At 10:49 AM -0500 2/23/01, Thomas R. Holtz, Jr. wrote:
Some thoughts on the new Becker et al. paper in Science:
In any case: no reason to suspect that the body that brought these
fullerenes to Earth was anything other than an ordinary chunk of our own
system.
Both comets and asteroids are possible; we know very little about
asteroid composition. Another possibility raised earlier is a nearby
supernova. What the isotopic ratios seem to indicate is that the
buckyballs formed near a star in a region of high pressure. That
material could have been processed through the solar system or
arrived directly. The only thing known about their age is that they
have been on Earth since the Permo-Triassic boundary.
But are these fullerenes really there, or really ancient? Richard Kerr's
accompanying news article
(http://www.sciencemag.org/cgi/content/full/291/5508/1469 for those who have
access to Science online) indicates that some fullerene workers doubt these
structures are as preservable or durable as needed for this to be a record
of either a P/Tr impact or (even more) material from the early solar system.
Furthermore, apparently few other workers have been able to find fullerenes
in other material (various other impacts and meteorites) previously reported
by Becker or her co-workers as having fullerenes.
These are interesting questions.
Furthermore, unlike what was previously reported on this
list, other more
mundane sources can produce fullerenes: forest fires, for example, or mass
spectrometers (i.e., the tool used to find and separate them can apparently
generate them as well... URK!).
These sources would have had terrestrial isotopic ratios for helium
and argon.
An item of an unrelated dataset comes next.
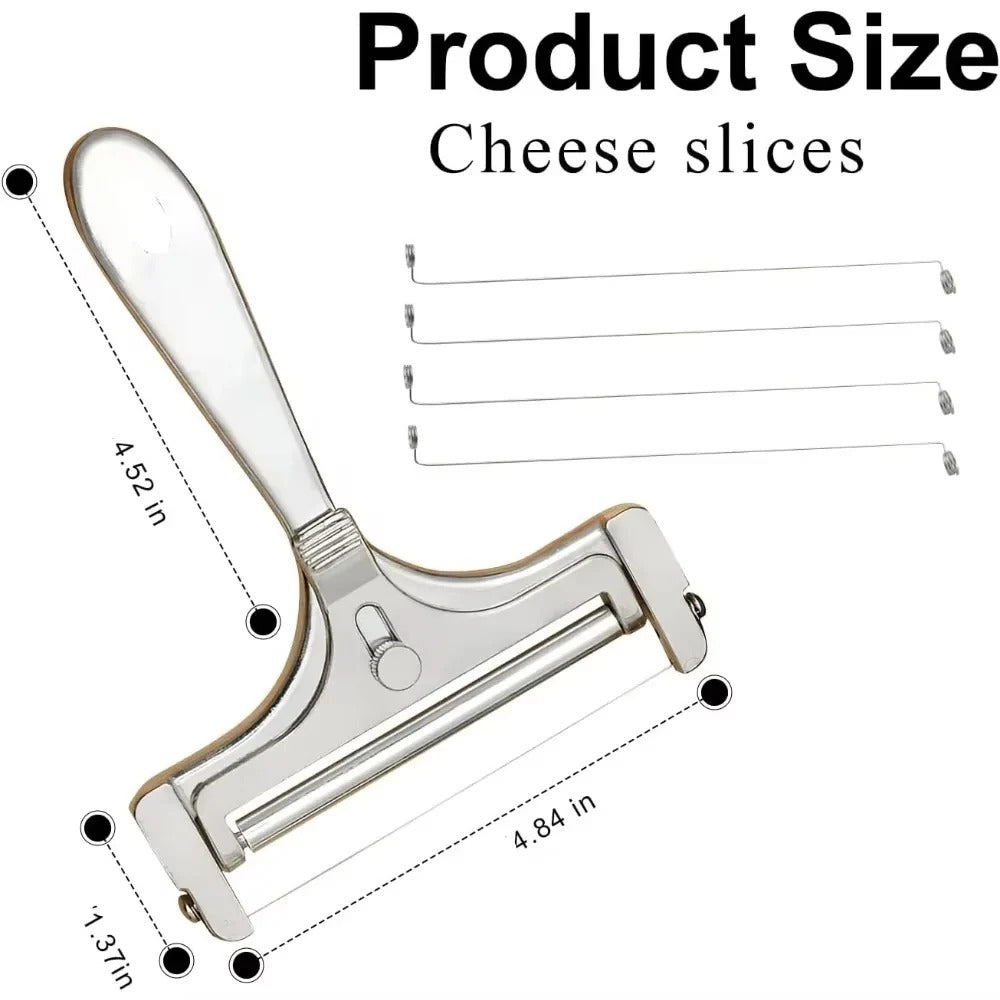 Precision Cheese Cutter with Extra Wire Set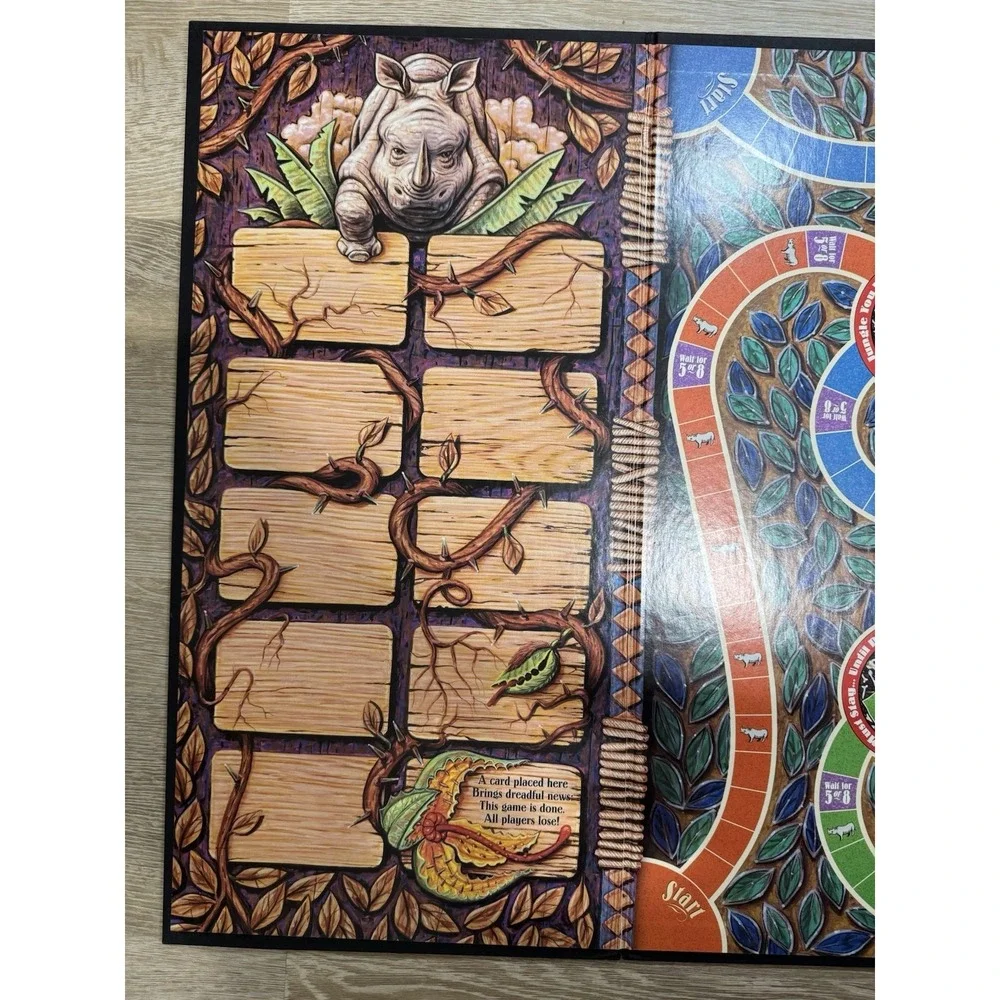 Jumanji The Game COMPLETE Milton Bradley 1995 Family Kids Movie Book VINTAGE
If Becker's results are correct, the buckyballs from the
P-Tr do not.
Incidentally, some other thoughts on the matter:
As with the K/T crater search, there is the very real possibility that a
P/Tr impactor would have struck oceanic crust (given that more of the
Earth's is floored by thin oceanic crust rather than thick continental
crust). This would suck mightily, as there is NO remaining ocean basin from
this age, due to subduction.
However, an oceanic impact might be less likely to produce
shocked quartz
(also not yet recovered from the P/Tr), given the mafic composition of
oceans (as opposed to granitic continental material). Okay, I admit, this
is also special pleading of a sort...
Iridium, shocked quartz, and spherules -- all found at the KT -- are
all missing or extremely rare at the Permo-Triassic boundary. (There
are a very few possible shocked quartz grains.) Peter Ward says there
is no distinctive formation such as the K-T 'boundary clay' at the
Permo-Triassic; the rocks don't look similar. These are all
qualitative findings, but they all seem to indicate that whatever
happened at the Permo-Triassic boundary was both qualitatively and
quantitatively different than at the KT. A comet impact in the deep
sea might meet those criteria, but so could other events.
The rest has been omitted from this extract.